Once you reach the line with "Premier League VAR goal controversy" in the material below, copy each line exactly up to and including the line with "Jimmy Smith, Lou Donaldson - Summertime", and skip the pictures.

━━ Source information ━━

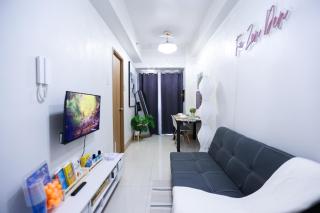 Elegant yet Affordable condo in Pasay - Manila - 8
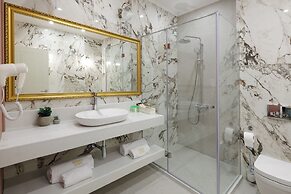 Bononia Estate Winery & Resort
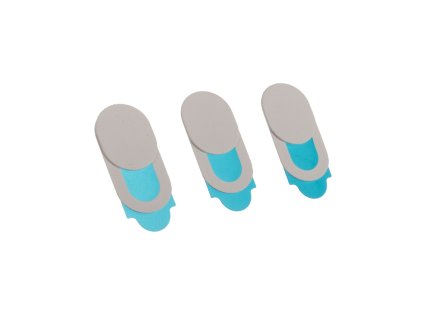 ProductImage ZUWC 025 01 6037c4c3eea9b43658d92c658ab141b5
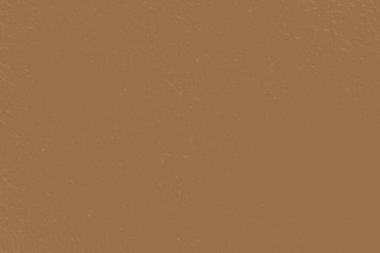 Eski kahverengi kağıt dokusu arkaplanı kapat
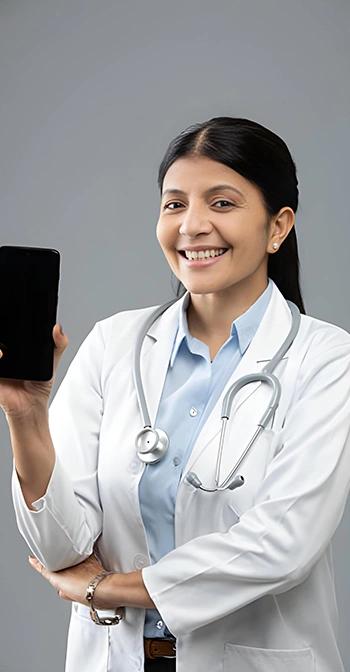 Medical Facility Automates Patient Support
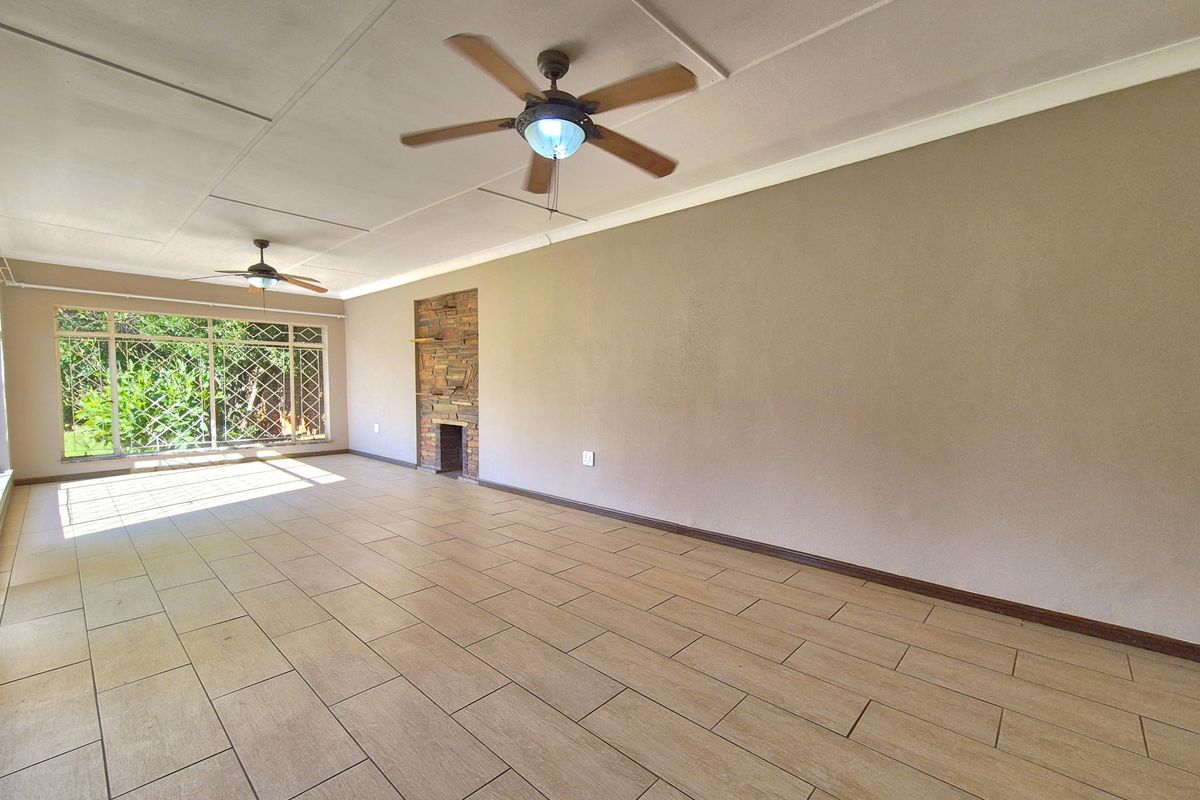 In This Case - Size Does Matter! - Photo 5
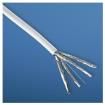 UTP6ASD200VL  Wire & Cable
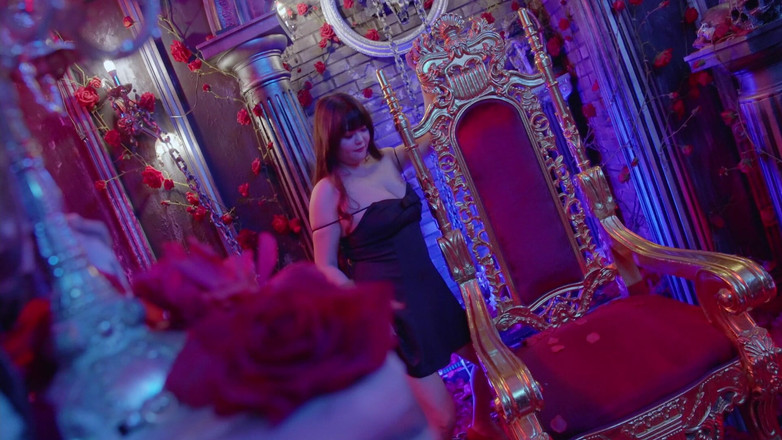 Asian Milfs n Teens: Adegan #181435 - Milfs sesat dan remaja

━━━
━━ Source information ━━

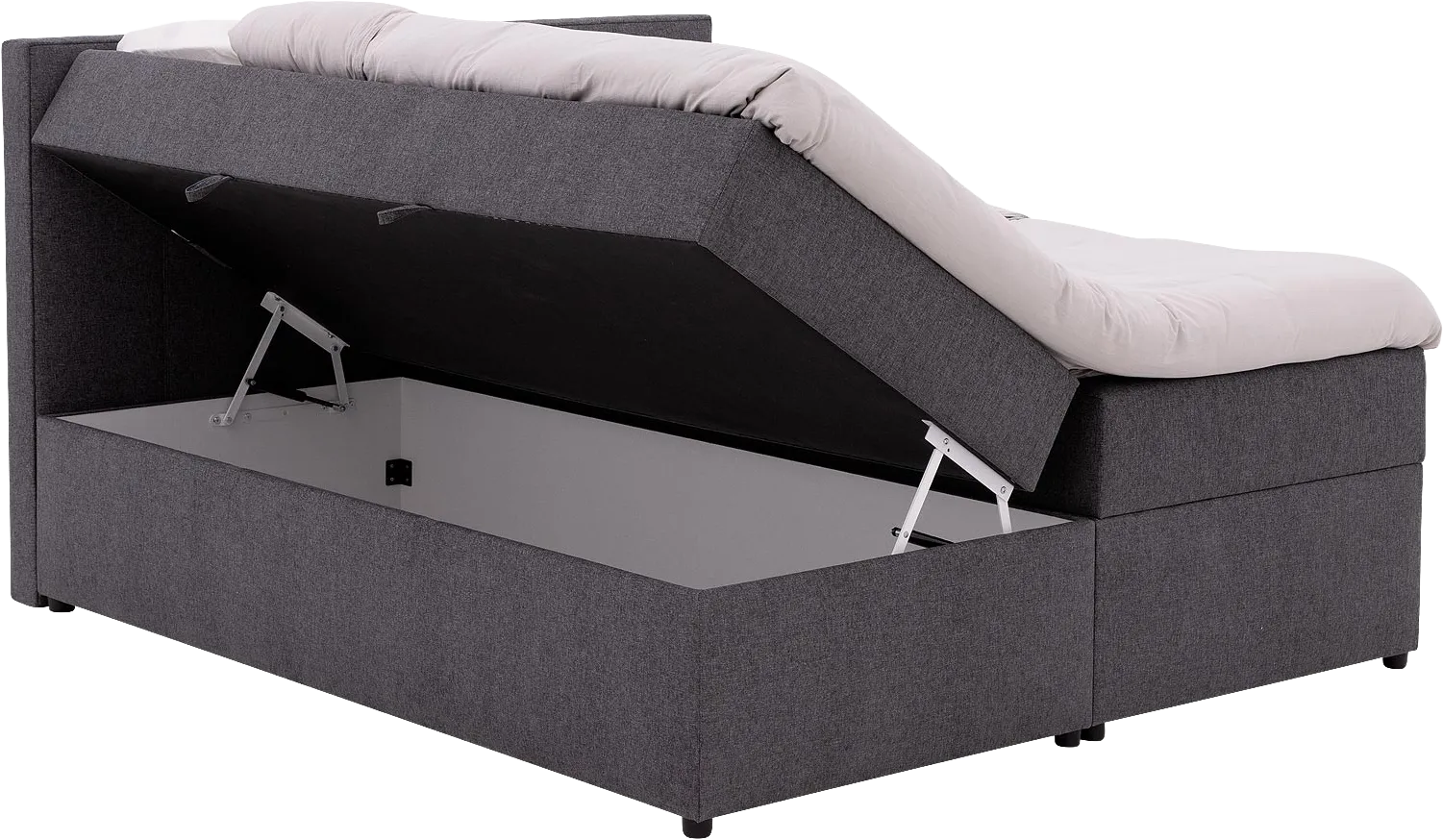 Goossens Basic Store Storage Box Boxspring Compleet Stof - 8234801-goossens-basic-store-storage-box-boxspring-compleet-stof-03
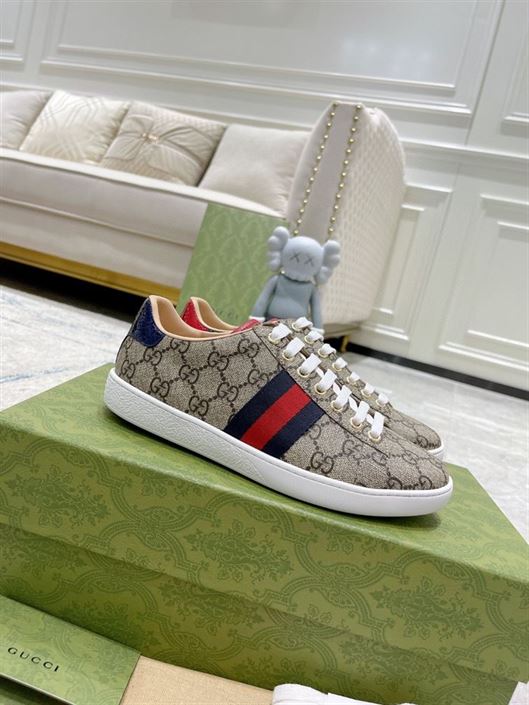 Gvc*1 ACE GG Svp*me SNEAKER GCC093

━━━
━━ Source information ━━

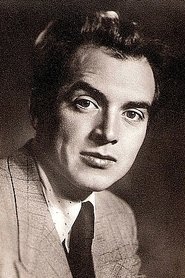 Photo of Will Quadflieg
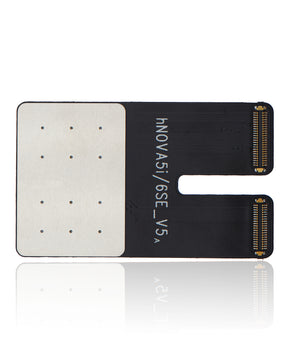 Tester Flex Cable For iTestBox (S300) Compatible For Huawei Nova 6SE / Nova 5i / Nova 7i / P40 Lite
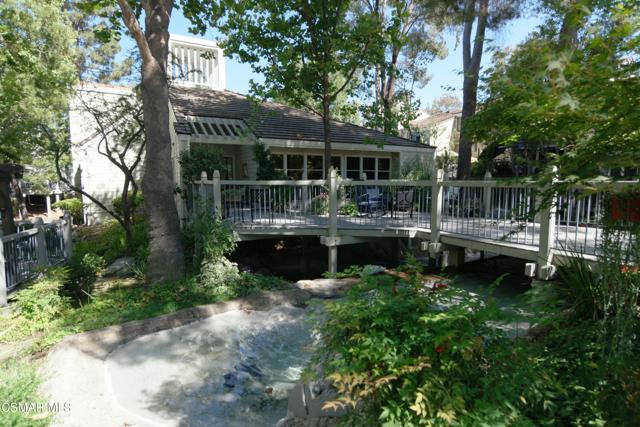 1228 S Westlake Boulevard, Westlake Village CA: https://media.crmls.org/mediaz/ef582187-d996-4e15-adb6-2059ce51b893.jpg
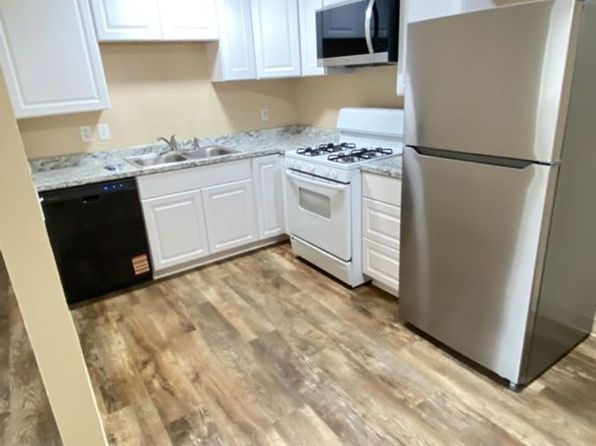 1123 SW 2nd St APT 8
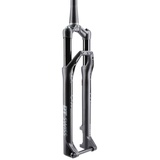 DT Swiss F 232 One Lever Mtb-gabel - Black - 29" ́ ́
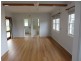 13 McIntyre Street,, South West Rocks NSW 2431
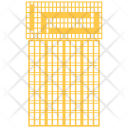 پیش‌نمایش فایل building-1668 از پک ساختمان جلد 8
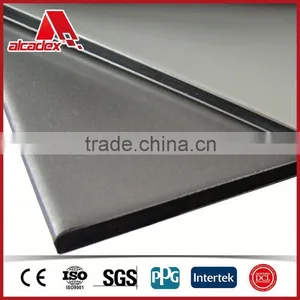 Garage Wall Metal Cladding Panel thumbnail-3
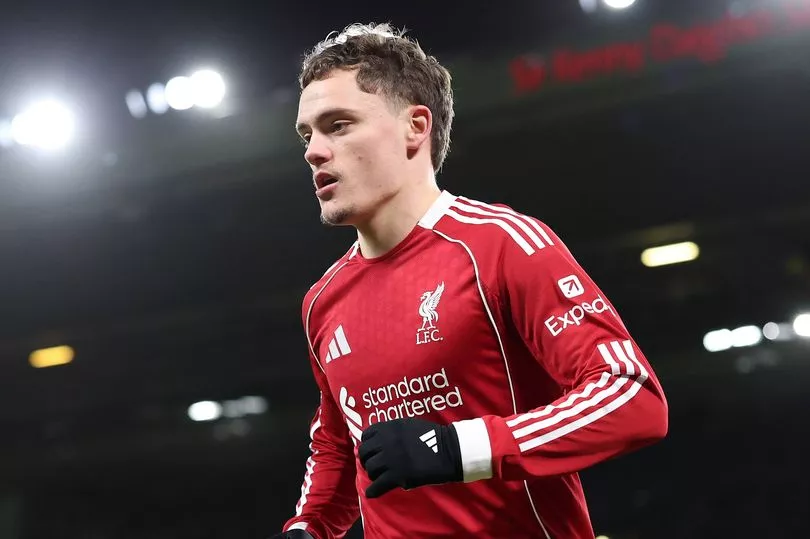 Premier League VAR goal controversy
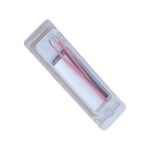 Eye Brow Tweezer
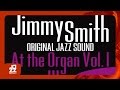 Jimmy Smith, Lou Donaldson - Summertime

━━━

**Task response:**
 Premier League VAR goal controversy
 Eye Brow Tweezer
 Jimmy Smith, Lou Donaldson - Summertime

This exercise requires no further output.